'Oh, my God,' said Demming. 'You look exactly like Christine. Exactly.'
'Think so?' said Claudia.
'Absolutely. You're right on the money. Don't you think so, Richard?' Demming's forced smile begged for the right answer.
'Perfect,' Richard said. He smiled, too. 'I mean you were perfect before as yourself, Claudia, but this ... This is something.'
Sybil and Claudia went back into the guest room and closed the door.
'She doesn't look like Christine,' Richard said. 'She's short, but she's not the same body type as Christine. What are we doing? Why say she does, if she doesn't? She's ten years older, and Christine gained thirty-five pounds in the pregnancy, at least.'
'She'll be wearing padding, and that'll make her look fat,' said Demming. 'The wig is a perfect match for Christine's hair. She's the same height as Christine, and with the makeup, she's fine. You've got to remember it will be midnight, and there will only be a sliver of moon tonight. Once she's out of the house it will be like walking around in the bottom of a well. If the woman gets close enough to see the difference, Claudia will be close enough to shoot her.'
'Jesus, Steve. I don't know about this. I don't think we should make her think she'll fool anybody. It could make her take chances.'
Demming put his arm around Richard's shoulder. 'We don't have a choice. You're the one who talked to this woman, and we're locked into giving her a Christine. Claudia is our only possible Christine. All we can do is make her feel confident and back her up.'
Sybil Landreau reappeared and stood a few feet off, waiting. When Demming saw her he nodded. 'Now we've got some more things to do before dark. We'll see you later.' He and Sybil went outside, and in a moment Richard heard Demming's car accelerating onto the coast road.

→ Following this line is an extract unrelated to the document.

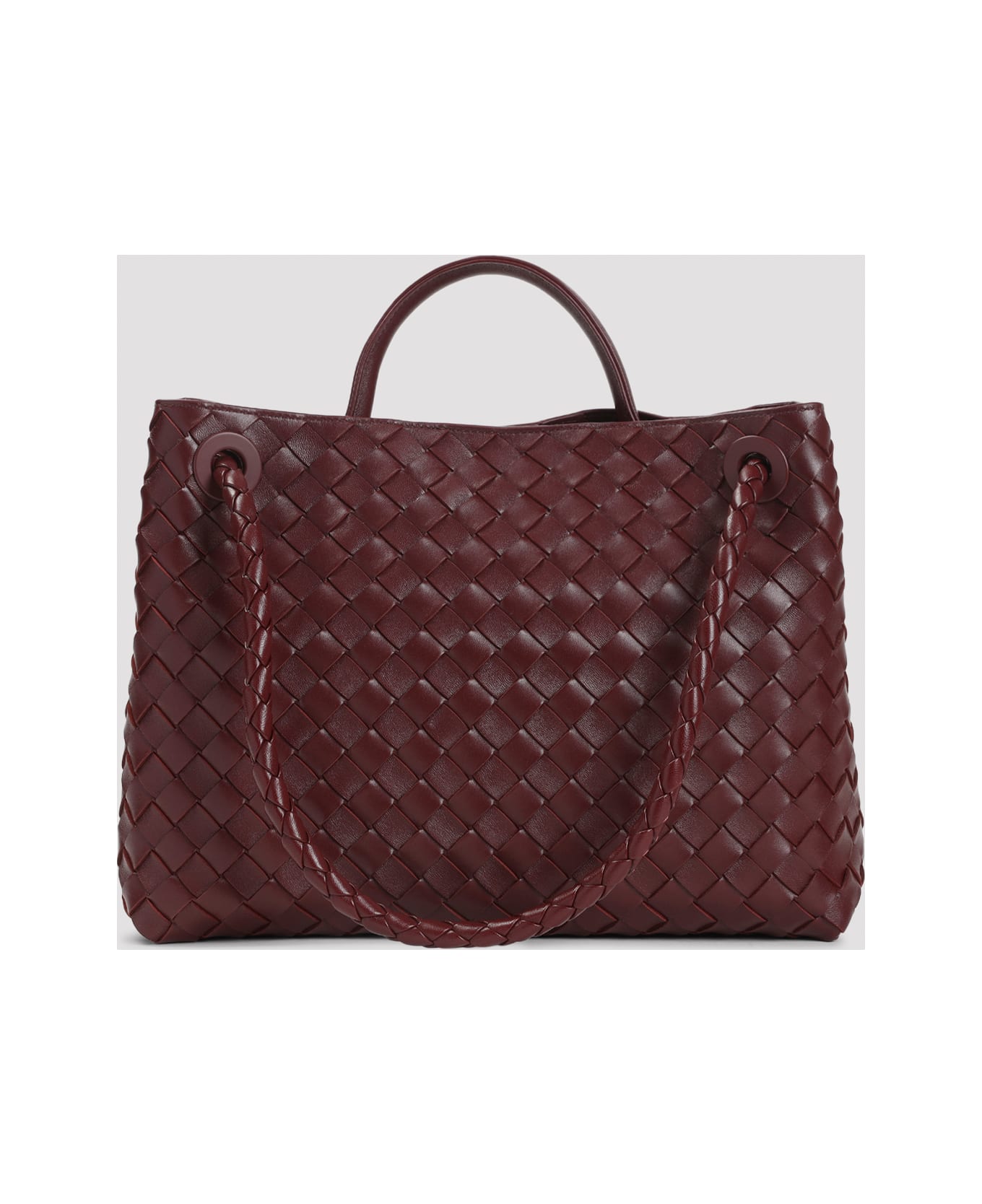Bottega Veneta Andiamo Medium Bag - Barolo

Richard sat on one of the living room couches, leaning back with his face toward the ceiling and his eyes closed. He didn't want to succumb to the fear, the shortness of breath, the throbbing in his head that made him feel sick. He knew that he needed to rest now, before the long night.
He heard something quiet, a swish, a rustle, and smelled perfume a half-second before he felt the lips against his. He opened his eyes just as Claudia's face pulled back a few inches. Her hair was blond again, and her eyes were brown.
'A sweet kiss, but a little short,' she said.
'Are you making a fool of me?' he asked.
'No. You'll have to do that yourself.' She lowered her head again and kissed him deeply, lingering there and letting her tongue tickle his lips and then slip into his mouth. They kissed for a minute or two. He put his arms around her and noticed that she had changed her clothes, too. She was wearing a light sundress held up by two thin straps. He moved his hand along her spine and verified that there was nothing under the dress. She tugged it back down and sat up, then looked out the large back windows at the ocean and squinted. 'It's so bright. Come to the bedroom.'
He got up and followed Claudia into the hallway. When she turned toward the guest bedroom where she had changed, he gently placed his hands on her hips and steered her into the master suite. He turned around to close the door and lock it.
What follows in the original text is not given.